◆ What is needed: Once the line with "Delicious Shrimp Crab" is found in the entries below, repeat it and each following line exactly, up to and including the line with "Jews in national". Add no other lines.

◆ Input:
*** Block opens ***

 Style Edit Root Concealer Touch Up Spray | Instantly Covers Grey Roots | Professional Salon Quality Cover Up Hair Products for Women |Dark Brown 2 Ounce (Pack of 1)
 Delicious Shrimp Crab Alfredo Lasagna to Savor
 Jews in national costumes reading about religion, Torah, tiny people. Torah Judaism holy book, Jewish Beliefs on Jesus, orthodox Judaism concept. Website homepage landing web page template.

*** Block closes ***
*** Block opens ***

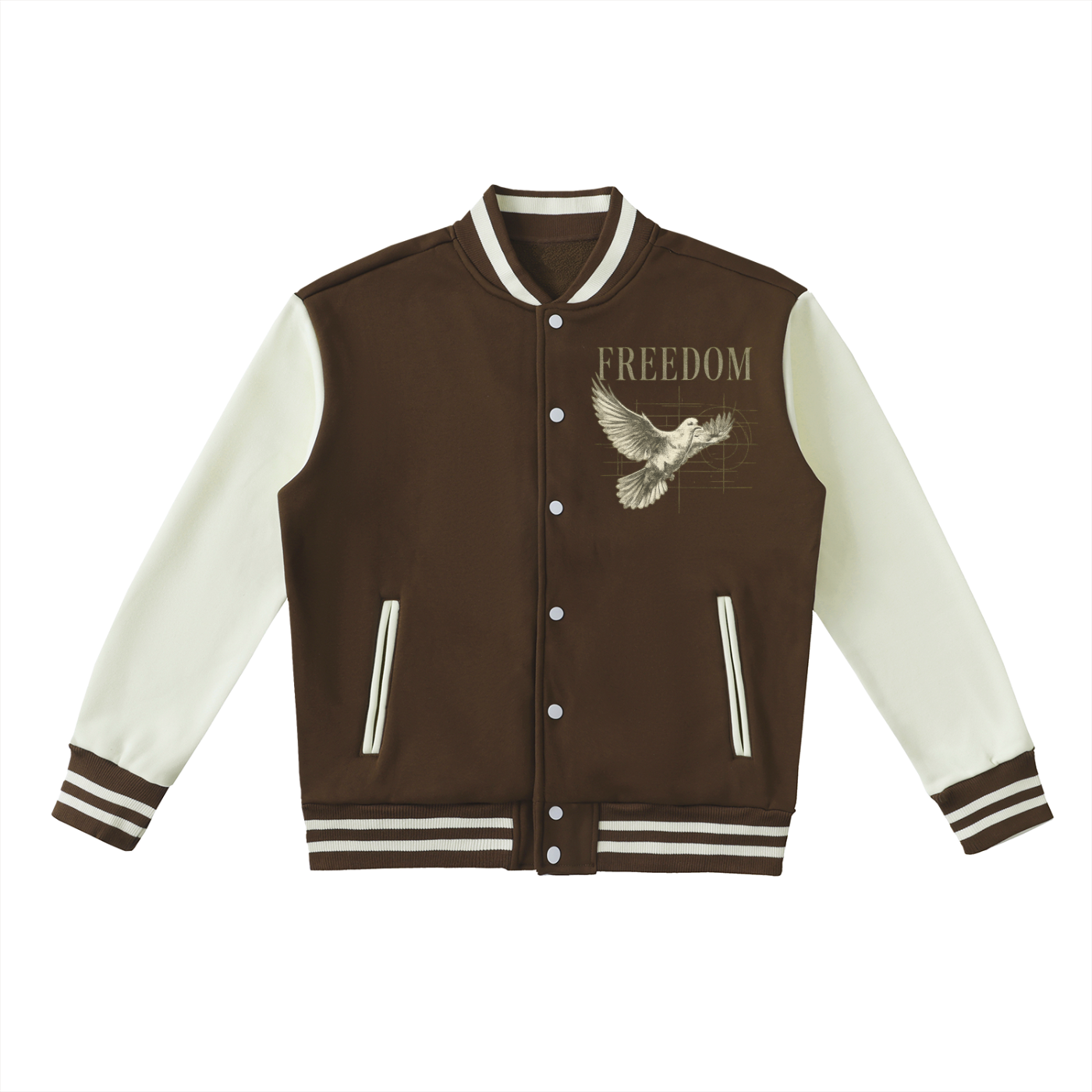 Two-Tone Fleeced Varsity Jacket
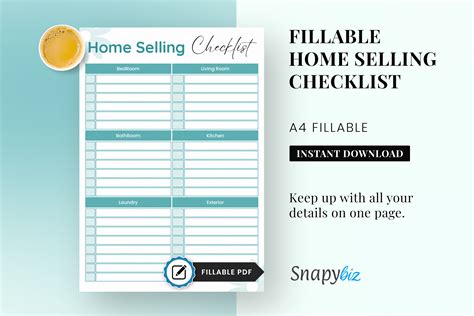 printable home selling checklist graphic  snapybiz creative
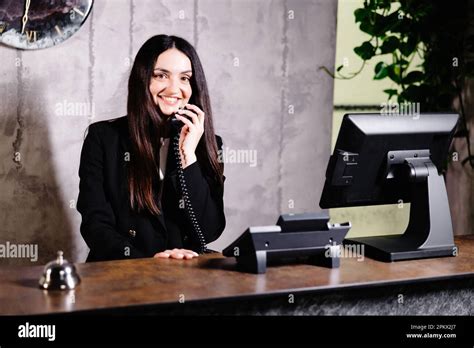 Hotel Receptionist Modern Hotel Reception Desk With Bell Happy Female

*** Block closes ***

◆ Solution to this exercise:
 Delicious Shrimp Crab Alfredo Lasagna to Savor
 Jews in national costumes reading about religion, Torah, tiny people. Torah Judaism holy book, Jewish Beliefs on Jesus, orthodox Judaism concept. Website homepage landing web page template.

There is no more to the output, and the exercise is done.